Après cette observation, je reviens à la comparaison que j’ai faite d’un cours de la science universelle à une grande avenue à l’entrée de laquelle il se présente une foule de sujets qui crient tous à la fois : « Instruction, instruction ! Nous ne savons rien ; qu’on nous apprenne. »

La première chose que je me dis à moi-même, c’est que tous ne sont ni capables ni destinés à suivre cette longue avenue jusqu’au bout.

Les uns iront jusqu’ici ; d’autres jusque-là ; quelques-uns un peu plus loin ; mais à mesure qu’ils avanceront, le nombre diminuera.

Quelle sera donc la première leçon que je leur donnerai ? la réponse n’est pas difficile.
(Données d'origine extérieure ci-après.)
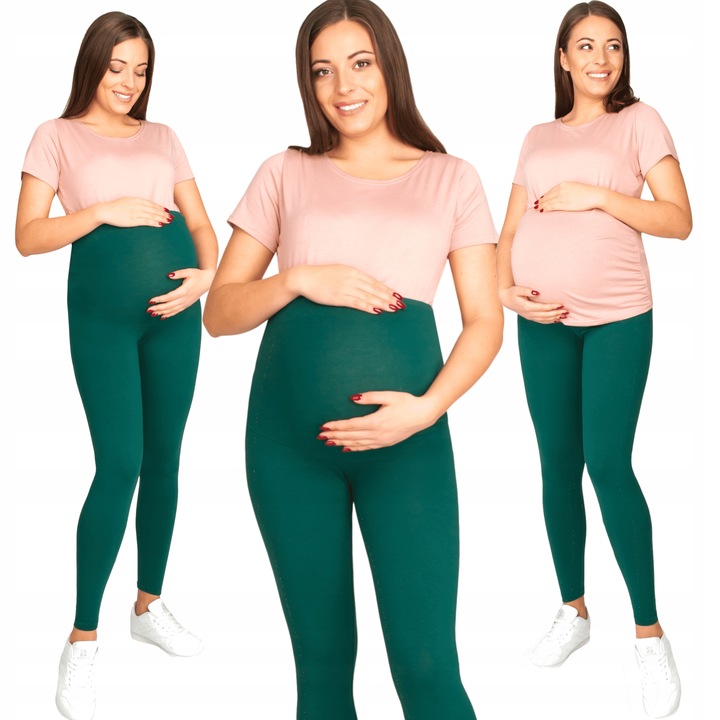 GETRY LEGGINSY CIĄŻOWE polska jakość z panelem L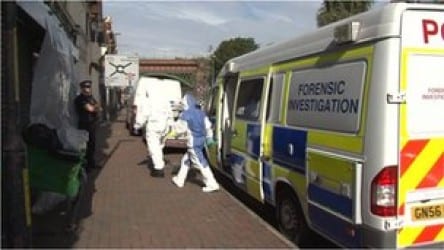 Mrs Chaggar's body was found the basement of a shop in Luton Road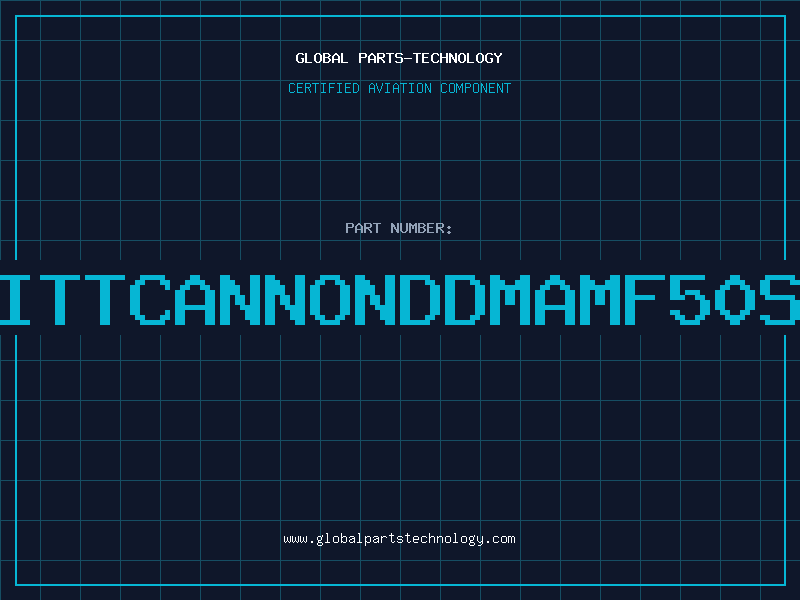 Aviation Part ITTCANNONDDMAMF50S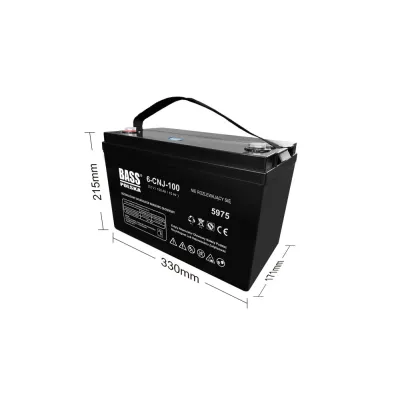 Акумулятор AGM VRLA 100 А·год Bass Polska 5975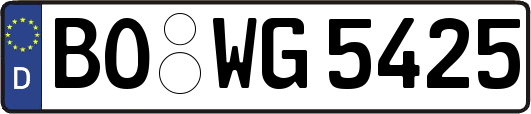 BO-WG5425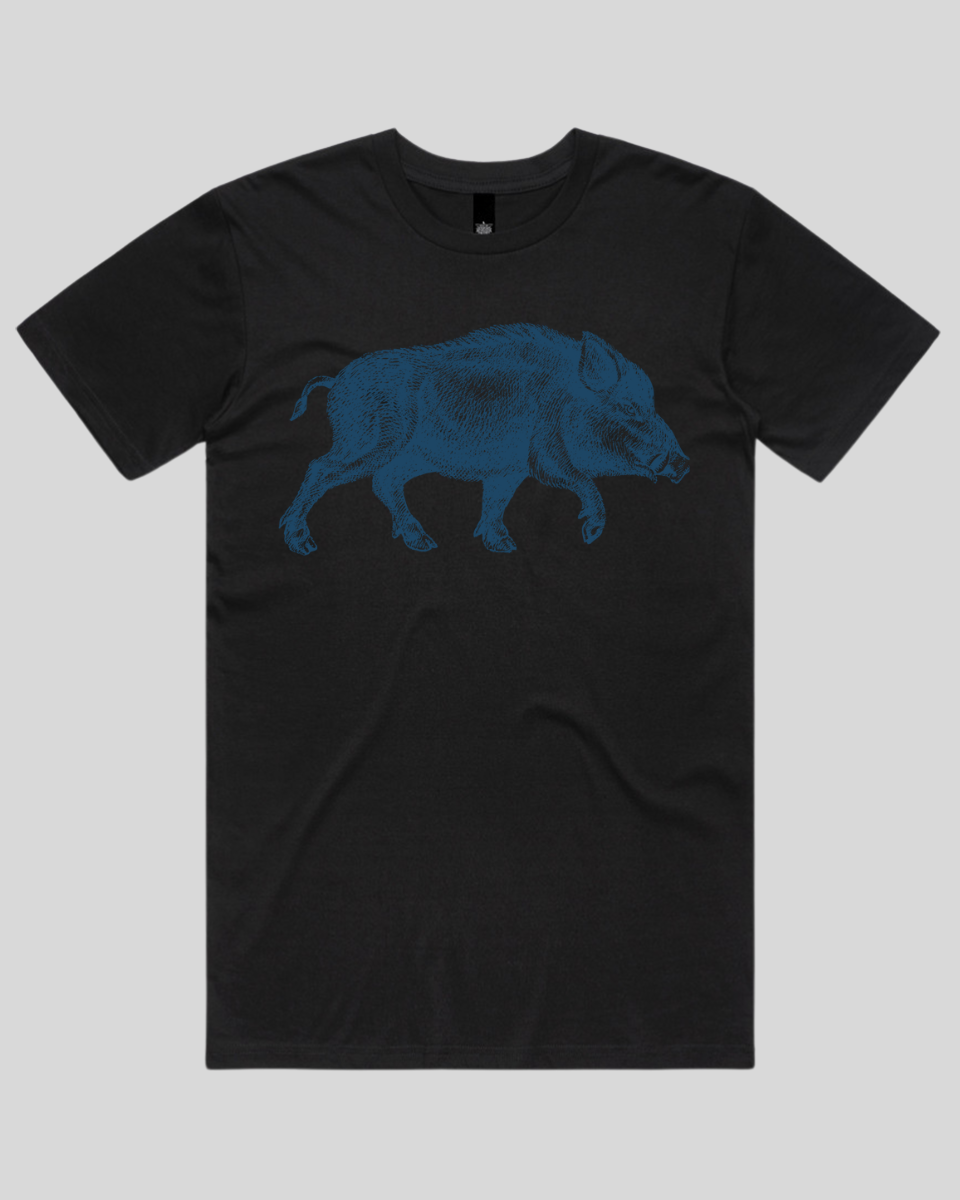 Vintage Hog Sketch Men's T-Shirt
Celle qui leur convient à tous, quelle que soit la condition de la société qu’ils embrassent.

Quelle sera la seconde ? Celle qui, d’une utilité un peu moins générale, conviendra au nombre de ceux qui me resteront.

Et la troisième, celle qui, moins utile encore que la précédente, conviendra au nombre moins grand de ceux qui m’auront suivi jusqu’ici.

Et ainsi de suite jusqu’au bout de la carrière, l’utilité de l’enseignement diminuant à mesure que le nombre de mes auditeurs diminue.

Je classerai les sciences et les études, comme notre historien naturaliste, M. de Buffon, a classé les animaux, comme il eût classé les minéraux et les végétaux. Il a parlé d’abord du bœuf, l’animal qu’il nous importe le plus de bien connaître ; ensuite du cheval ; puis de l’âne, du mulet, du chien ; le loup, l’hyène, le tigre, la panthère, occupent d’après sa méthode un rang d’autant plus éloigné dans la science, qu’ils sont plus loin de nous dans la nature, et que nous en avons eu moins d’avantages à tirer ou moins de dommages à craindre.

Qu’en arrivera-t-il ? C’est que celui qui n’aura pas eu la force ou le courage de suivre la carrière de l’université jusqu’à la fin, plus tôt il l’abandonnera, et moins les connaissances qu’il laissera en arrière, plus celles qu’il emportera, lui étaient nécessaires.